PROVIDENCE, R.I. (WPRI) — Gov. Dan McKee’s chief of staff, Tony Silva, said Wednesday he welcomes a newly announced investigation into his involvement in a controversial land deal in Cumberland, insisting he did nothing wrong as he sought state and local permission for the development.
In an exclusive interview with Target 12 as he left the State House, Silva said he supported the governor’s decision Wednesday to request an independent probe by R.I. Attorney General Peter Neronha. The state’s top prosecutor has agreed to look into whether Silva tried to influence decisions about whether he would receive approval to develop the property at 45 Canning St.
Silva, who has served as chief of staff to McKee since 2014, said the review by Neronha and the R.I. State Police will “bring a fresh perspective to what’s been going on.”
“I’ve done nothing wrong,” Silva said.
“Let me make it perfectly clear to you,” he added. “I didn’t intervene in anything.”
Story continues below video
The attorney general’s investigation comes two days after Target 12 first reported a series of text and email messages that show Silva requested an impromptu meeting with Cumberland Mayor Jeff Mutter on March 31. The meeting took place less than a month after Silva became the top staffer in the governor’s office and nearly a year after he claims to have given up his financial interest in the Canning Street land.
Mutter has told Target 12 that Silva tried to convince him not to object to a permit his family was seeking from the R.I. Department of Environmental Management to build a home on the Cumberland property, which is 93% wetlands. Neighbors and town officials have fought against the proposal for years, arguing it would exacerbate flooding in the area.
After the meeting, Silva sent Mutter a text message saying he planned to allow his son, Ross Silva, to buy the lot, according to messages obtained through a public records request.
“Therefore I won’t be connected to it at all at the time of sale,” Silva wrote. “Hopefully this will make it easier for you at Town Hall.”
Mutter called McKee after the March 31 meeting and says he expressed concern to the governor about his interactions with Silva. (McKee has refused to characterize that conversation.)
On Wednesday, Silva denied that he intervened in any way to get the Canning Street property developed, calling the idea that he tried to get the town to drop its objection to the land deal “ludicrous.”
“That is not what Tony Silva does,” he said.

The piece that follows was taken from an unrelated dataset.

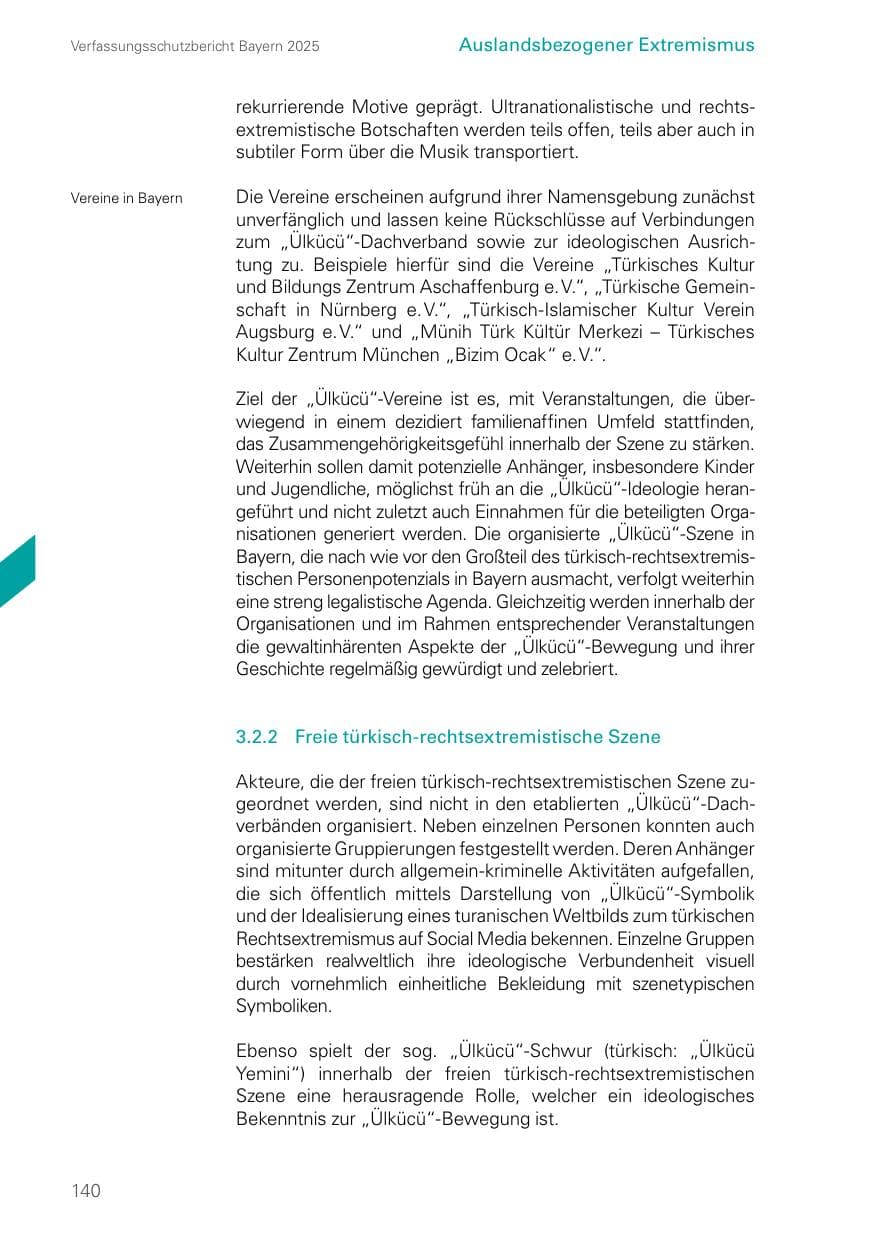 Seite 140 des Verfassungsschutzbericht 2025 Bayern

“I have a lot of respect for Mayor Mutter,” Silva said. “The discussion I had with him was out of concern for him. If he misinterpreted it, I’m sorry about that.”
While McKee requested the attorney general’s investigation, so far he has stood by his top adviser. During a news conference Tuesday, McKee said he was OK with Silva’s decision to contact Mutter about a private land deal, saying mayors take those types of calls all the time. McKee formerly served as Cumberland mayor, while Silva was the town’s chief of police.

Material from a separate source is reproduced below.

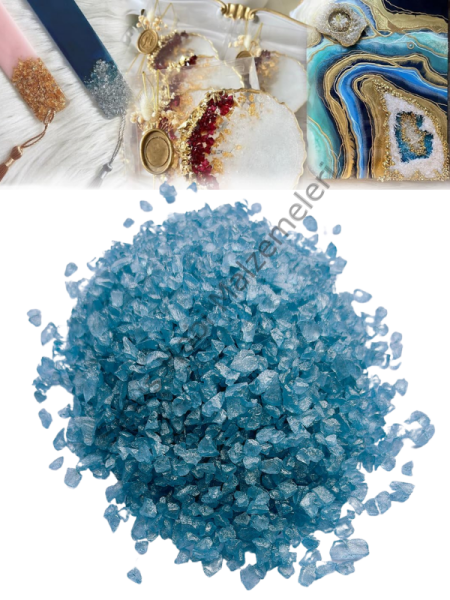 Epoksi Reçine Cam Kırığı Gökyüzü Mavi İnce 100 gr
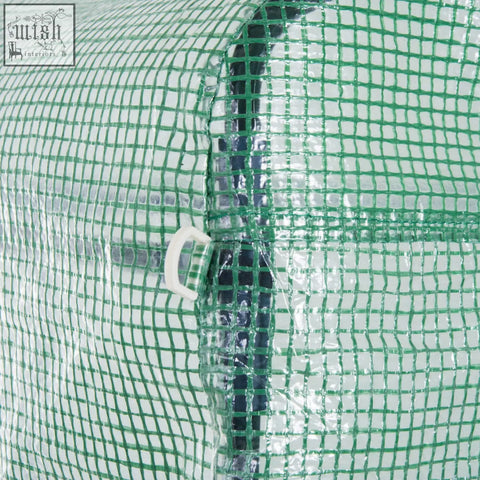 Green mesh greenhouse cover with white buckle and black zipper on outsunny polytunnel with galvanised steel frame and eight roll-up windows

The governor also said he personally called the DEM’s acting director, Terry Gray, to inquire about the issue and was told Silva didn’t have any “undue influence” on DEM’s decision to approve the permit this year. The approval came after DEM rejected a previous application to develop the wetlands in 2019.
In his announcement, McKee said he asked the investigation to look into the permitting process. And he’s directed all state agencies, including DEM, to cooperate with investigators.

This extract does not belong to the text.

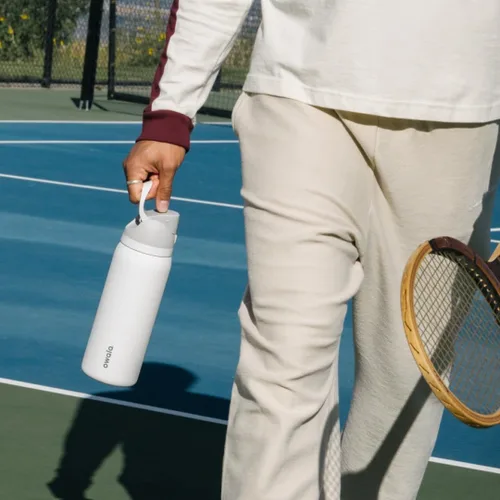 Vista 7 de Owala FreeSip - Acero inoxidable - 32 oz - Morado/Azul (pistas de esquí de los años 80)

Neronha spokesperson Blake Collins said the attorney general spoke with McKee and State Police Col. James Manni on Wednesday morning and has only just begun to embark on the investigation.
“The scope of any investigation by this office is determined by the attorney general,” Collins said, adding that there are “no limits” on what will be reviewed.
Silva said he will cooperate with investigators and insisted that he’s done nothing but hold himself to the “highest ethical standards” throughout his career.
“I’ve exuded uncompromising integrity to the people I’ve met in my life and the people I have coached and taught,” he said. “That’s Tony Silva. And I will always do that until they put me in the ground.”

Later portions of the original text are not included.